When her supporters staged armed vigilantes at county drop boxes, she was silent. When voters who were afraid to cast their votes sued to stop the intimidation, she acted completely unconcerned with the voter suppression she now professes is so important to eliminate.

What is different now is that she lost.

Arizona’s governor’s race was not especially close. Current Arizona Secretary of State Katie Hobbs (D) defeated Lake by more than 17,000 votes — a margin even larger than what President Joe Biden beat former President Donald Trump by in 2020. The 0.6% difference is outside the statutory recount margin and, even if there was a recount, the margin is far larger than history suggests could ever be overcome, barring Lake from claiming that the results were too close to declare a winner.

Nor can Lake claim fraud. There is simply no evidence of fraud in the election. And, the outgoing governor, Doug Ducey (R), called Hobbs to congratulate her. Recall that Ducey famously refused to answer a phone call from Trump when the former president was obsessed with false allegations of fraud.

Left with no other option, Lake finds herself in the awkward position of blaming her loss on an unusual culprit for election deniers: voter suppression. At the heart of her claim is that Maricopa County, the state’s largest county and home to Phoenix, experienced some equipment failures and long lines on Election Day. There is no question that for some portion of the day there were tabulation machine issues that resulted in long lines to vote and it may be that some voters were sent to alternate voting locations.

However unfortunate, this is not out of the ordinary in our elections. Long lines caused by insufficient or broken voting equipment is a tax usually paid by Black, brown and young voters. At the same time that voters in Maricopa County were waiting in two-hour lines, students at the University of Michigan were enduring near freezing temperatures during their six-hour long wait to cast their ballots. Indeed, past studies have revealed that it is often Black voters — like students, who are traditionally Democratic — who suffer the longest wait times to vote and experience the most frequent equipment failures.

Yet, Republicans like Lake seldom have a sympathetic word for those voters. Indeed, “Big Lie” advocates are more likely to try to prevent voters waiting in long lines from being provided food and water than they are to decry the conditions those voters face. The only difference here is that Lake sees an advantage to using voters who experienced the hardship of voting as pawns in her cynical effort to undermine the 2022 election.

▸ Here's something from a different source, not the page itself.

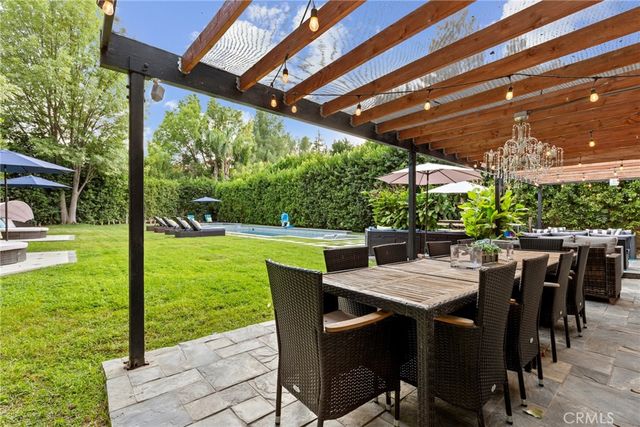 22900 Hatteras Avenue, Woodland Hills, CA 91367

Thankfully, like Trump, her Hail Mary effort to prevent defeat is doomed to fail. In a recent video about her legal preparation, she told her supporters that she “is assembling the best and brightest legal team.” Given her track record, that seems doubtful. However, even if not the best and brightest, if her legal team is competent, they will tell her that she is sure to suffer the same humiliating fate in court that Trump experienced two years ago.

I suspect Lake knows this. It explains why so far she has mounted a pathetic public relations campaign rather than take legal action. 

It is too bad, though, because there is an opportunity to use this election as the basis to reform voting in Arizona to make it more accessible and easier to register and vote. But that would require an honest politician who genuinely cares about voting rights and a Republican Party that would support necessary reforms. Neither is the case in Arizona. Either way, Hobbs will make an excellent next governor of the state. That you can count on.